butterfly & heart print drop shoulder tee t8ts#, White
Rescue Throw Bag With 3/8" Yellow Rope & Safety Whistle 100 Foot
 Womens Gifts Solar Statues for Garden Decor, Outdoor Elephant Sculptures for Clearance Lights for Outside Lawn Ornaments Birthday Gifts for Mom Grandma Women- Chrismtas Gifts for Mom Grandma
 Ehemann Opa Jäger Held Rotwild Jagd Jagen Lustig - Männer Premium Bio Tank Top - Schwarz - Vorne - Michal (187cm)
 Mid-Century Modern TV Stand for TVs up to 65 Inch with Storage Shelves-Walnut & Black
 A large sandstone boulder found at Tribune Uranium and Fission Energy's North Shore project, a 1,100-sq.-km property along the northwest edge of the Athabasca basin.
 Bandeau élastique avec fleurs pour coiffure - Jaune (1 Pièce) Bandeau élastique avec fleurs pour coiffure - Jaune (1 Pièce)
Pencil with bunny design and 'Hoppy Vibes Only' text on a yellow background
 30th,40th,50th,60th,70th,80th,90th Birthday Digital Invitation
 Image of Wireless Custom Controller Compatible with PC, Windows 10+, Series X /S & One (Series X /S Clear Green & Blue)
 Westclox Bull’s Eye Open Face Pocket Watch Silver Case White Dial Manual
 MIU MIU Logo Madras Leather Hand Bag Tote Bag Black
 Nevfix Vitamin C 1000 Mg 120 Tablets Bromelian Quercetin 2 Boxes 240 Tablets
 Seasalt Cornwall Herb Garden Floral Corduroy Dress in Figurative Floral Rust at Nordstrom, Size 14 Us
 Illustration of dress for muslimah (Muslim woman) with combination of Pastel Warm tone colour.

TASK DETAILS:
Transcribe the data above in full, exactly.

TASK RESPONSE:
butterfly & heart print drop shoulder tee t8ts#, White
Rescue Throw Bag With 3/8" Yellow Rope & Safety Whistle 100 Foot
 Womens Gifts Solar Statues for Garden Decor, Outdoor Elephant Sculptures for Clearance Lights for Outside Lawn Ornaments Birthday Gifts for Mom Grandma Women- Chrismtas Gifts for Mom Grandma
 Ehemann Opa Jäger Held Rotwild Jagd Jagen Lustig - Männer Premium Bio Tank Top - Schwarz - Vorne - Michal (187cm)
 Mid-Century Modern TV Stand for TVs up to 65 Inch with Storage Shelves-Walnut & Black
 A large sandstone boulder found at Tribune Uranium and Fission Energy's North Shore project, a 1,100-sq.-km property along the northwest edge of the Athabasca basin.
 Bandeau élastique avec fleurs pour coiffure - Jaune (1 Pièce) Bandeau élastique avec fleurs pour coiffure - Jaune (1 Pièce)
Pencil with bunny design and 'Hoppy Vibes Only' text on a yellow background
 30th,40th,50th,60th,70th,80th,90th Birthday Digital Invitation
 Image of Wireless Custom Controller Compatible with PC, Windows 10+, Series X /S & One (Series X /S Clear Green & Blue)
 Westclox Bull’s Eye Open Face Pocket Watch Silver Case White Dial Manual
 MIU MIU Logo Madras Leather Hand Bag Tote Bag Black
 Nevfix Vitamin C 1000 Mg 120 Tablets Bromelian Quercetin 2 Boxes 240 Tablets
 Seasalt Cornwall Herb Garden Floral Corduroy Dress in Figurative Floral Rust at Nordstrom, Size 14 Us
 Illustration of dress for muslimah (Muslim woman) with combination of Pastel Warm tone colour.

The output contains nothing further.